About this task: From the entries below, retype only the lines from the one with "Affekt und Revolution" through the one with "Everybody Dance Now Canvas Print", exactly as written.

Available data:
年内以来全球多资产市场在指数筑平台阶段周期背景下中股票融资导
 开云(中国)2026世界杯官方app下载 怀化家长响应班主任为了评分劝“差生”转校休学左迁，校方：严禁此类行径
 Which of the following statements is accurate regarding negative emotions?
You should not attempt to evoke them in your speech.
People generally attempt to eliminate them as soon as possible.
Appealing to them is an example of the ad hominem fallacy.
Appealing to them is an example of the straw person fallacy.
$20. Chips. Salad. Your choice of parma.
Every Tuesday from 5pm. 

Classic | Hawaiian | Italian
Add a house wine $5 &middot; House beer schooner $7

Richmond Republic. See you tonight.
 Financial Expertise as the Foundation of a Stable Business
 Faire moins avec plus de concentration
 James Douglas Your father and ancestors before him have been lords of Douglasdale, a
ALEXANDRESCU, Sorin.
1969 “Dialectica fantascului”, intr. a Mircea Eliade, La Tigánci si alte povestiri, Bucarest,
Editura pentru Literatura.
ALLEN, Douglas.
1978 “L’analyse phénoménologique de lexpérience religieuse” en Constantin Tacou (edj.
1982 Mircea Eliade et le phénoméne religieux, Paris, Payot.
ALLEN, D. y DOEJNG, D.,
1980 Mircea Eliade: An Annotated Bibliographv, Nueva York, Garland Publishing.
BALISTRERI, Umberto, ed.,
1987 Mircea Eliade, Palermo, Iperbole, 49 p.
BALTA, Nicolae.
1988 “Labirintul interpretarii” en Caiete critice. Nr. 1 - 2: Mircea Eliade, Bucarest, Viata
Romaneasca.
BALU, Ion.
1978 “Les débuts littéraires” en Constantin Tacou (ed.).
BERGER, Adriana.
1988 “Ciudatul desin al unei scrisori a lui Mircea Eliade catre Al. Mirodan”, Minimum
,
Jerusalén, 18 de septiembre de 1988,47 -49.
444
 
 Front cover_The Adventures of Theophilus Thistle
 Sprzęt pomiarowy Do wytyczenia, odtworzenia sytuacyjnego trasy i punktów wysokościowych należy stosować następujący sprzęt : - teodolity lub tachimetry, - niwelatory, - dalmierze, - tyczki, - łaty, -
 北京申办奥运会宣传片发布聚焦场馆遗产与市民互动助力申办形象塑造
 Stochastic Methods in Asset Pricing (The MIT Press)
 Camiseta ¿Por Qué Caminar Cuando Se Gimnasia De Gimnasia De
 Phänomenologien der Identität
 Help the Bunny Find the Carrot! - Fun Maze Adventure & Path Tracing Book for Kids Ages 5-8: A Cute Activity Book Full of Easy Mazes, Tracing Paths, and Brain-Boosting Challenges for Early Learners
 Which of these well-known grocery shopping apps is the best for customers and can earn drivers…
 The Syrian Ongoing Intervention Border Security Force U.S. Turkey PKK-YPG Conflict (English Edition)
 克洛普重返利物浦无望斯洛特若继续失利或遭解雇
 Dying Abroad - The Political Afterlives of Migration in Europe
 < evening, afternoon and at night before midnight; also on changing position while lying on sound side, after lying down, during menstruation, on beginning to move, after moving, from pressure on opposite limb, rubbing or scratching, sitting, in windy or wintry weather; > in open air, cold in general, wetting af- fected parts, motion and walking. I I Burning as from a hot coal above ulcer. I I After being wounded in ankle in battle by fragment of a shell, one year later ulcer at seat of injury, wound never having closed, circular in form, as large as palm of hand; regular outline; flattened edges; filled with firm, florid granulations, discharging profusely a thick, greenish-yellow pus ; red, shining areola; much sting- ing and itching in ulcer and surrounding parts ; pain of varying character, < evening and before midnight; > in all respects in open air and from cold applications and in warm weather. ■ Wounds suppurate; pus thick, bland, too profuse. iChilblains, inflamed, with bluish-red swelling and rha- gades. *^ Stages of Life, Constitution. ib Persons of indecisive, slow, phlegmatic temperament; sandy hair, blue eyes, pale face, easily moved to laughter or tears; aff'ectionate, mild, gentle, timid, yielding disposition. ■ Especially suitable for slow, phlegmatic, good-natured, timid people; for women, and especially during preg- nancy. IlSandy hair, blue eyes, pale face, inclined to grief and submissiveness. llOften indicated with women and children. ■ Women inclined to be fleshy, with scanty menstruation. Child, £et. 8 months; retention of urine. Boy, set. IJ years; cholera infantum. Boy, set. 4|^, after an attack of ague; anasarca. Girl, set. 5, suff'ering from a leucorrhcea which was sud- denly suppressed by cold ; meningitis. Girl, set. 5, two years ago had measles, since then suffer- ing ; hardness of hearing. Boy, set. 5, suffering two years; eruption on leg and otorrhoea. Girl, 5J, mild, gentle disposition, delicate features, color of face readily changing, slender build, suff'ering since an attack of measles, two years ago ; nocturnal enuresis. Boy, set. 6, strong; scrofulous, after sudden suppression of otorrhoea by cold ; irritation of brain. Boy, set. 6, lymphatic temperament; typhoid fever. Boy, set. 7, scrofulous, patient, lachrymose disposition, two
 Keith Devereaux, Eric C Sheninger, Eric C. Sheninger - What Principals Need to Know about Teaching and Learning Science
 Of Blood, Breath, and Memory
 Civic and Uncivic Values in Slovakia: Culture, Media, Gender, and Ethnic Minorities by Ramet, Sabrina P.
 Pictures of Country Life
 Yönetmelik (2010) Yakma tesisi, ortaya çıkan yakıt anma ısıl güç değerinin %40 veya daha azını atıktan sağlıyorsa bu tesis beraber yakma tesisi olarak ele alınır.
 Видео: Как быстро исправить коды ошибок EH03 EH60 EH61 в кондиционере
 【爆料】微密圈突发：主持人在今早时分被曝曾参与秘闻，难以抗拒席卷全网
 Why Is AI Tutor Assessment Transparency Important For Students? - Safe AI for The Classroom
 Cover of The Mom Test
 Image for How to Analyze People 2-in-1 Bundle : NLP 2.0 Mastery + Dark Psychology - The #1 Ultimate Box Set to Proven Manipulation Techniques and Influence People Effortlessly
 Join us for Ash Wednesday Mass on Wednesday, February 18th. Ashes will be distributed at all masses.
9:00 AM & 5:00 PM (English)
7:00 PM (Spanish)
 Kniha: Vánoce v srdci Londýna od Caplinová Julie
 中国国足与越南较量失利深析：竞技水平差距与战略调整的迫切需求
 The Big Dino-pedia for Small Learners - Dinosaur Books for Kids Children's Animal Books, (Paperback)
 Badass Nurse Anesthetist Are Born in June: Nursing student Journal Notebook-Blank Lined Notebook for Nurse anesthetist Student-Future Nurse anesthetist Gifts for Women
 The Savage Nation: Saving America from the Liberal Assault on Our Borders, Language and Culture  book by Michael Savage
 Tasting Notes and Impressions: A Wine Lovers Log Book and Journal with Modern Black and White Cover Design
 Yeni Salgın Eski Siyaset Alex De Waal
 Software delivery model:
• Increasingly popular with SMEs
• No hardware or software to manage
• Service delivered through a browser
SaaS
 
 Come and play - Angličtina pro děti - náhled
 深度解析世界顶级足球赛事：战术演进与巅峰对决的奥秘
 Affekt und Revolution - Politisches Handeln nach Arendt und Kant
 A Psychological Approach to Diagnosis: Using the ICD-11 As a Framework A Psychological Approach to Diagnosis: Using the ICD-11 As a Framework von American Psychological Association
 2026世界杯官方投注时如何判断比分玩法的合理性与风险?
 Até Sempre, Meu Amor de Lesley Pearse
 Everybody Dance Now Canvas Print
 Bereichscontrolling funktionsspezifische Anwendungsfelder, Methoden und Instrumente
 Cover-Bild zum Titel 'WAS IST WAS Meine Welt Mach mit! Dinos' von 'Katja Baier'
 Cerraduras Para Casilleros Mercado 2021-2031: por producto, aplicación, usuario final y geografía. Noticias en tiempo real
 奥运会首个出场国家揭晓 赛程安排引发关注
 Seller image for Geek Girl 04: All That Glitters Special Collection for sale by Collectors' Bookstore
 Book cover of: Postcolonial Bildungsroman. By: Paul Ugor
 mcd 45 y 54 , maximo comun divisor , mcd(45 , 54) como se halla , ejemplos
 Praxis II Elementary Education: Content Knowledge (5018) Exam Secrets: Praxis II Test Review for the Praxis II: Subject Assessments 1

Task solution:
 Affekt und Revolution - Politisches Handeln nach Arendt und Kant
 A Psychological Approach to Diagnosis: Using the ICD-11 As a Framework A Psychological Approach to Diagnosis: Using the ICD-11 As a Framework von American Psychological Association
 2026世界杯官方投注时如何判断比分玩法的合理性与风险?
 Até Sempre, Meu Amor de Lesley Pearse
 Everybody Dance Now Canvas Print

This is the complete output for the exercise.